Diante disso, talvez a verdadeira questão seja por que a Turquia se absteve de aplicar o regulação da conta de capital, considerando que quase todos seus homólogos de mercados emergentes a estavam utilizando de alguma forma. O setor financeiro era demasiado poderoso para seus legisladores? Os seus banqueiros centrais também estavam muito comprometidos com a posição anterior do FMI de que as metas de inflação só podiam operar sob condições de conversibilidade da conta de capital?

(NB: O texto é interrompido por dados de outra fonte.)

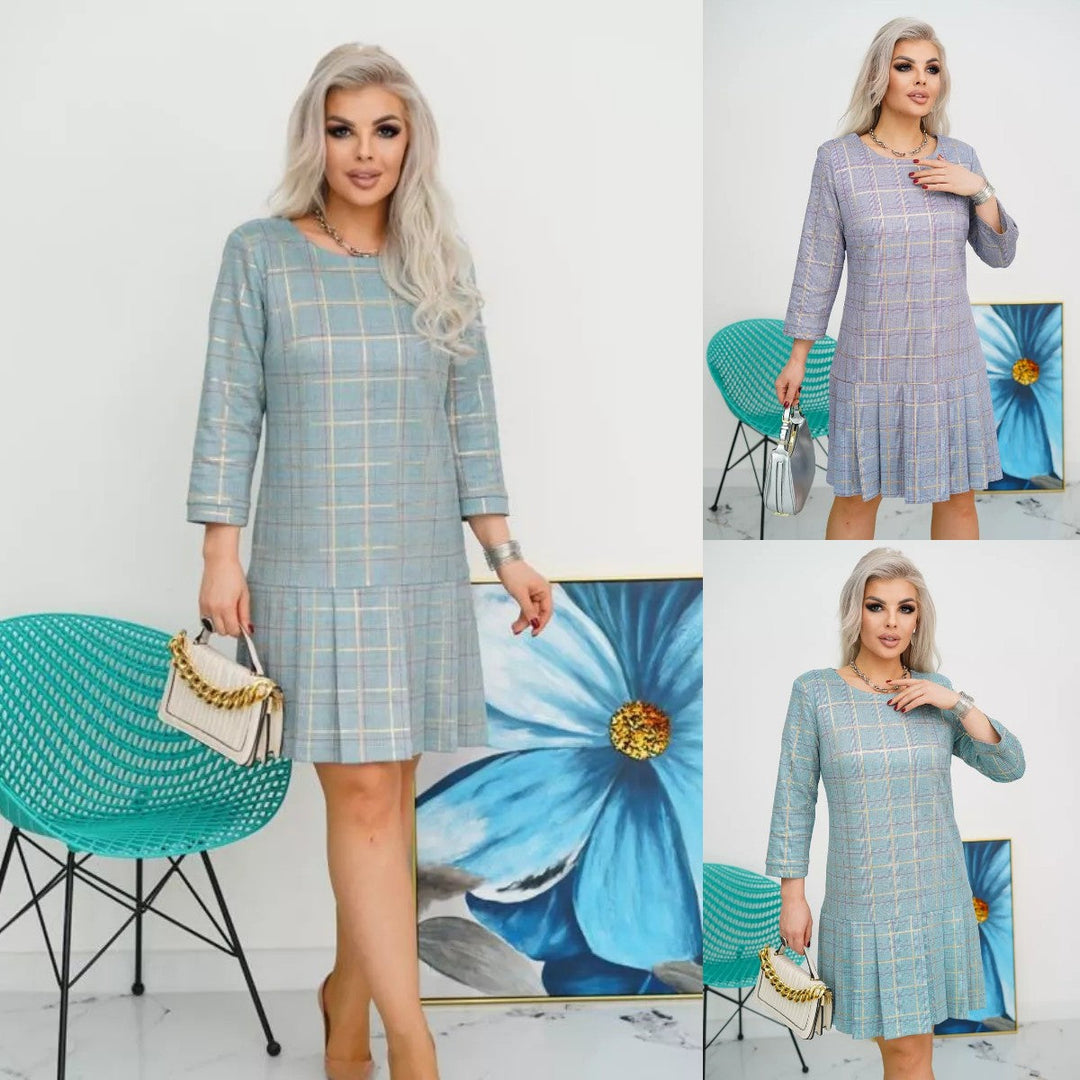 Elyndra™ | Robe à la mode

Ou foi porque seus políticos se beneficiaram do impulso econômico que fluxos de curto prazo “hot money” fornecem e, assim, decidiram ignorar as consequências?

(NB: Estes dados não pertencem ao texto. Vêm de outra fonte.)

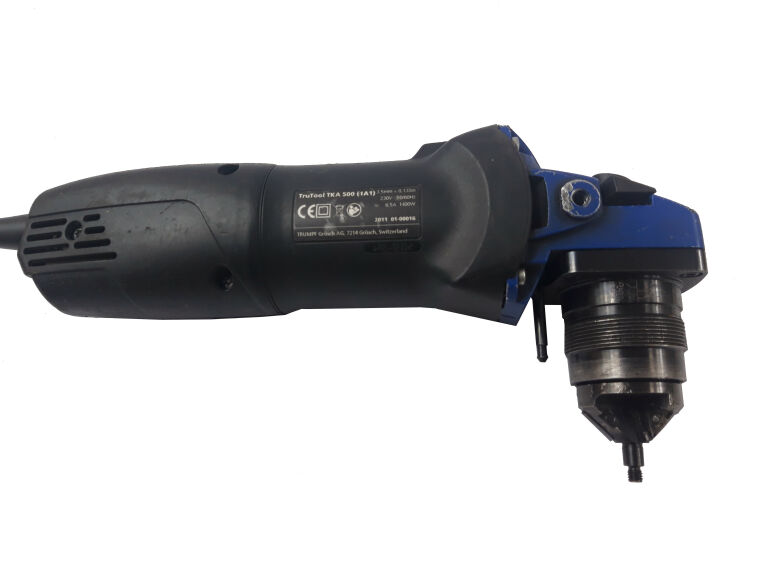 FREZARKA GRATOWNICA TRUMPF TRUTOOL TKA 500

Se há uma lição a ser aprendida da experiência da política monetária da Turquia, é que a regulamentação prudencial interna e as ferramentas de políticas monetárias deveriam ser consideradas complementos – e não substitutos – do gerenciamento de conta de capital. Quanto à Turquia, sua única esperança de evitar uma crise econômica ainda mais profunda é empreender com determinação ações para mitigar os riscos econômicos que criadores deixaram acumular nos últimos anos. No entanto, dada à instabilidade política que o país enfrenta atualmente, esse resultado, é na melhor das hipóteses, incerto.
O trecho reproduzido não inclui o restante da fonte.